**Exercise description**
Reproduce precisely the lines of the listing below, starting with the line that contains "Till Death Do" and stopping after the line that contains "BRENDEL eyewear Lunettes"; include nothing else.

━━━

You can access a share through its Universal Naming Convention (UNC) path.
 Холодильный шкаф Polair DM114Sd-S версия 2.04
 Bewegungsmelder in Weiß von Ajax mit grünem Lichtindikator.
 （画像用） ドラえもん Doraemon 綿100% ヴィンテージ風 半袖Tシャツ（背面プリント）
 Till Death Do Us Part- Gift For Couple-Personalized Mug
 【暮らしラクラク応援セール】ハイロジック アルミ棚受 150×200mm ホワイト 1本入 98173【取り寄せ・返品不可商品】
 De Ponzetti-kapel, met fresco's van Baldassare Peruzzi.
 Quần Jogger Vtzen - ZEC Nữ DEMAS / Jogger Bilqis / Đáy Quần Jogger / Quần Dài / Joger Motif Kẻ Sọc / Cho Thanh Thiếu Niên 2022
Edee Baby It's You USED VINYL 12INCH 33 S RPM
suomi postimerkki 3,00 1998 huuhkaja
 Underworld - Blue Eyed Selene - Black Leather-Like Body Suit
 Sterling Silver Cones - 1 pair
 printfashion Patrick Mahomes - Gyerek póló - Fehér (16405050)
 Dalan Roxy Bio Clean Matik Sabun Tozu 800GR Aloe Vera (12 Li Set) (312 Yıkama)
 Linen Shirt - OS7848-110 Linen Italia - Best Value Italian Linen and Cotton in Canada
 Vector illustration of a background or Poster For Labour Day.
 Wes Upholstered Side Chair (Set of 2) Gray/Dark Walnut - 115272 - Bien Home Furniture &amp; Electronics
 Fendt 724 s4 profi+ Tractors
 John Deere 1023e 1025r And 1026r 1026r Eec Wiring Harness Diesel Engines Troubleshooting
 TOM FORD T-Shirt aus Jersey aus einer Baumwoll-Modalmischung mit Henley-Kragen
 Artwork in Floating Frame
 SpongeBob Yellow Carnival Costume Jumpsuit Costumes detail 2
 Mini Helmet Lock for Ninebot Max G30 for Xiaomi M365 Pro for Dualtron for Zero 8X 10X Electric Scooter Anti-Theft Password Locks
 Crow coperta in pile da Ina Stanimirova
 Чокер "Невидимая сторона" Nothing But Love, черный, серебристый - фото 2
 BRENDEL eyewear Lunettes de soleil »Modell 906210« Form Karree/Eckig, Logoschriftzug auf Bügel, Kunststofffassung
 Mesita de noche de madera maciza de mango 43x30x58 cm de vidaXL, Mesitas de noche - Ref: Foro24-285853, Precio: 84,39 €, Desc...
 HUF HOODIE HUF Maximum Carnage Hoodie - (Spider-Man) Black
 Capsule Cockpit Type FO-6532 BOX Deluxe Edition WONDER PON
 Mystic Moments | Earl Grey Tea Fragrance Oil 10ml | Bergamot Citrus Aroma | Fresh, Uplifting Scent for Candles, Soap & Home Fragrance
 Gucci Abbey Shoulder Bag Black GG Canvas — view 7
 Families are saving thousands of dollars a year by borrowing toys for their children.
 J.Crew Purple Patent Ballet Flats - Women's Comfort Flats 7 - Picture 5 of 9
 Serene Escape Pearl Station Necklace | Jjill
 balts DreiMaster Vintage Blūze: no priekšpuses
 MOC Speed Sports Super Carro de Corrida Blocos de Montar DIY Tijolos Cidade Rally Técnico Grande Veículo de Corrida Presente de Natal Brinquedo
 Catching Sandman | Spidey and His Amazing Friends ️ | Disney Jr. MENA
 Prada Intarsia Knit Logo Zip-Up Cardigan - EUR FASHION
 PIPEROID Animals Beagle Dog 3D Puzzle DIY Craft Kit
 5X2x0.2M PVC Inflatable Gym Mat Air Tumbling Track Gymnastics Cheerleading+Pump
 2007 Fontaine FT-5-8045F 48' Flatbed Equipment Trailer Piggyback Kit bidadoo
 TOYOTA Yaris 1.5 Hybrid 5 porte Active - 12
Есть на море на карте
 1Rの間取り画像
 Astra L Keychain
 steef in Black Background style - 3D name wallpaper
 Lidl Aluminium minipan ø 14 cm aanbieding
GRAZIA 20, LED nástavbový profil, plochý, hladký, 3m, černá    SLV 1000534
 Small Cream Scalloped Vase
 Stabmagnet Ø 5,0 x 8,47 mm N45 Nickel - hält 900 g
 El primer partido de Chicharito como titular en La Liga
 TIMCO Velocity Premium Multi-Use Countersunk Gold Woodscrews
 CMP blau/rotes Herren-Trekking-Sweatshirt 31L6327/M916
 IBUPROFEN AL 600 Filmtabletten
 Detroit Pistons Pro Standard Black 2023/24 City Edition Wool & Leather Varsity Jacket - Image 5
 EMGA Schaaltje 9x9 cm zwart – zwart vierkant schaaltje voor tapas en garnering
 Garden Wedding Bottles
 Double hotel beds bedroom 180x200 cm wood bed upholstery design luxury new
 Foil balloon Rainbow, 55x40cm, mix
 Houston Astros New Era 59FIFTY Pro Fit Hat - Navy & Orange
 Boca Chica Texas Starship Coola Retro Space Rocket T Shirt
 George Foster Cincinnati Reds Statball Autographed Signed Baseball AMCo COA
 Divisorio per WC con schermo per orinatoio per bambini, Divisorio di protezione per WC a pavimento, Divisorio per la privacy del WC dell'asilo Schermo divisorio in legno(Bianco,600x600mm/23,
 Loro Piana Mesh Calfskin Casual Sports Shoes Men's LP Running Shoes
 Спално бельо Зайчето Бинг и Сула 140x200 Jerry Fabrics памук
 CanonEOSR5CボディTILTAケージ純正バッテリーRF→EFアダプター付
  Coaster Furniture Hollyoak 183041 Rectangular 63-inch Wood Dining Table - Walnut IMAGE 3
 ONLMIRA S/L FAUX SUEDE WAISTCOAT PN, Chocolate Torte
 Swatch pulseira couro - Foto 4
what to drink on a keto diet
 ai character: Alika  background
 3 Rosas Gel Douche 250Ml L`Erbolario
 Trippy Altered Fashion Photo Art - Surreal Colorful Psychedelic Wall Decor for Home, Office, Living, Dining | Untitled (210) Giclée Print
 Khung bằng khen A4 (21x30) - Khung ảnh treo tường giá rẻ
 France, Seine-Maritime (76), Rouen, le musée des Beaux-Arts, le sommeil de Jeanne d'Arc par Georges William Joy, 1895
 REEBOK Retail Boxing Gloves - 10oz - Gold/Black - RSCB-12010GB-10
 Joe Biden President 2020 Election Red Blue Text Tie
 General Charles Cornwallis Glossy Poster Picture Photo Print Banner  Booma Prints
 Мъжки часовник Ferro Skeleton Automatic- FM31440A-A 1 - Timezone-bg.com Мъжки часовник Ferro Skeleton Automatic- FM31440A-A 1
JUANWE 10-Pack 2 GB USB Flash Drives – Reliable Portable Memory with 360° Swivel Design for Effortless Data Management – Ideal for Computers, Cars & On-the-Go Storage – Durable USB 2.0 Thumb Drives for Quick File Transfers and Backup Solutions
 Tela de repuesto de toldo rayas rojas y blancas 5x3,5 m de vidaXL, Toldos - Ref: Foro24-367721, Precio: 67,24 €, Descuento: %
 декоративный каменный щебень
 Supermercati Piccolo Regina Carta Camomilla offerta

━━━

**Exercise solution**
 Till Death Do Us Part- Gift For Couple-Personalized Mug
 【暮らしラクラク応援セール】ハイロジック アルミ棚受 150×200mm ホワイト 1本入 98173【取り寄せ・返品不可商品】
 De Ponzetti-kapel, met fresco's van Baldassare Peruzzi.
 Quần Jogger Vtzen - ZEC Nữ DEMAS / Jogger Bilqis / Đáy Quần Jogger / Quần Dài / Joger Motif Kẻ Sọc / Cho Thanh Thiếu Niên 2022
Edee Baby It's You USED VINYL 12INCH 33 S RPM
suomi postimerkki 3,00 1998 huuhkaja
 Underworld - Blue Eyed Selene - Black Leather-Like Body Suit
 Sterling Silver Cones - 1 pair
 printfashion Patrick Mahomes - Gyerek póló - Fehér (16405050)
 Dalan Roxy Bio Clean Matik Sabun Tozu 800GR Aloe Vera (12 Li Set) (312 Yıkama)
 Linen Shirt - OS7848-110 Linen Italia - Best Value Italian Linen and Cotton in Canada
 Vector illustration of a background or Poster For Labour Day.
 Wes Upholstered Side Chair (Set of 2) Gray/Dark Walnut - 115272 - Bien Home Furniture &amp; Electronics
 Fendt 724 s4 profi+ Tractors
 John Deere 1023e 1025r And 1026r 1026r Eec Wiring Harness Diesel Engines Troubleshooting
 TOM FORD T-Shirt aus Jersey aus einer Baumwoll-Modalmischung mit Henley-Kragen
 Artwork in Floating Frame
 SpongeBob Yellow Carnival Costume Jumpsuit Costumes detail 2
 Mini Helmet Lock for Ninebot Max G30 for Xiaomi M365 Pro for Dualtron for Zero 8X 10X Electric Scooter Anti-Theft Password Locks
 Crow coperta in pile da Ina Stanimirova
 Чокер "Невидимая сторона" Nothing But Love, черный, серебристый - фото 2
 BRENDEL eyewear Lunettes de soleil »Modell 906210« Form Karree/Eckig, Logoschriftzug auf Bügel, Kunststofffassung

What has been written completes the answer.